There’s a debate going on in the world, a tension between the CS and the SWE majors. As a professional programmer, I will be the first to admit that it is exceedingly rare that I compute the big-O of a function I work on. It’s even rare that I work on a function that’s not O(1)
. So, one might argue, what is the point of a four year computer science degree? What advantages has it given me, or my employer?
So, there’s an argument to be had that maybe one needs less education. After all, in my four year degree, never did they teach me of git or Apache or Python. I did take a C++ class, and I can tell you for a fact that I have since forgotten every single lesson. But maybe, the argument goes, I would be more productive if I had taken classes on git and C++ and other such things.
But this is untrue. For several days ago, I had a need which called upon the very depths of my computer science knowledge.
I needed to compare two files. Well, strictly speaking, the output of a program with a file. And so, to compare the hashes, I pulled up my trusty terminal and ran:
$ ./myprogram | xxd | md5sum
Oops! I accidentally included xxd
. Now I’d have to rerun the program (which takes approximately 200ms) without it!
Of course, I didn’t type this out originally. Originally it was:
$ ./myprogram | xxd | less
only after having manually inspected the output, did I decide to compare the two.

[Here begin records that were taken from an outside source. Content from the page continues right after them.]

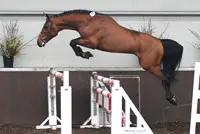 AES-France scheutig met deklicenties featured image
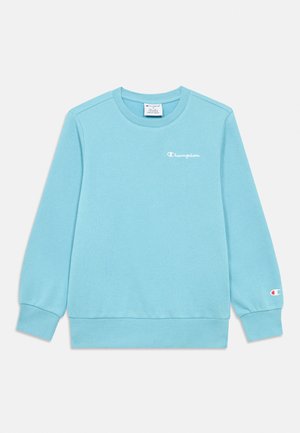 Light blue long-sleeve Champion sweatshirt with ribbed cuffs and hem, small white logo on chest, and small logo patch on left wrist.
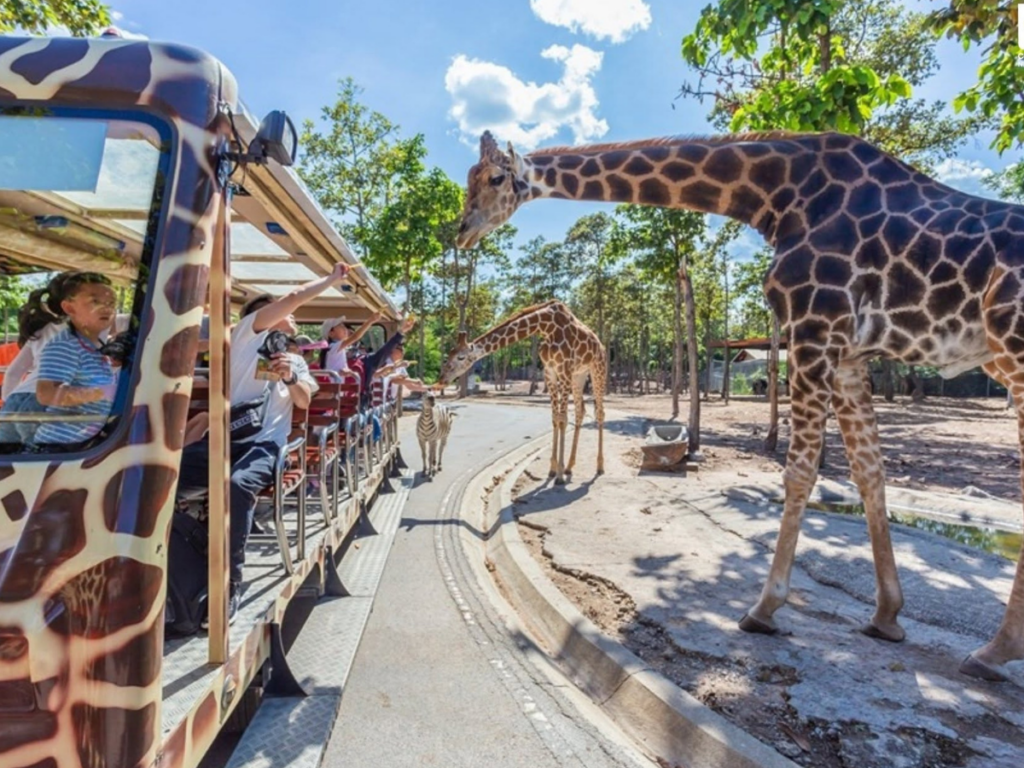 เชียงใหม่ไนท์ซาฟารี Chiang Mai Night Safari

My hand hovered over the keyboard to rewrite the line, but then it occurred to me: xxd
is an injective function. That is, for every input, it gives a unique output.
Additionally, md5sum
is a hash function. That means that, for two distinct values b1
and b2
, md5sum(b1)
probably doesn’t equal md5sum(b2)
. After all, this is why people use it to compare to values in the first place.
Therefore, since xxd(b)
is an injective function, if xxd(b1) != xxd(b2)
then b1 != b2
. Thus, if b1 != b2
then md5sum(xxd(b1))
probably != md5sum(xxd(b2))
.
Having satisfied myself with this mathematical proof, I proceeded to get the file hash:
$ cat ./myfile | xxd | md5sum
and proceeded on my day, pleased at the amount of time I was able to save due to what I learned in my theoretical computer science classes.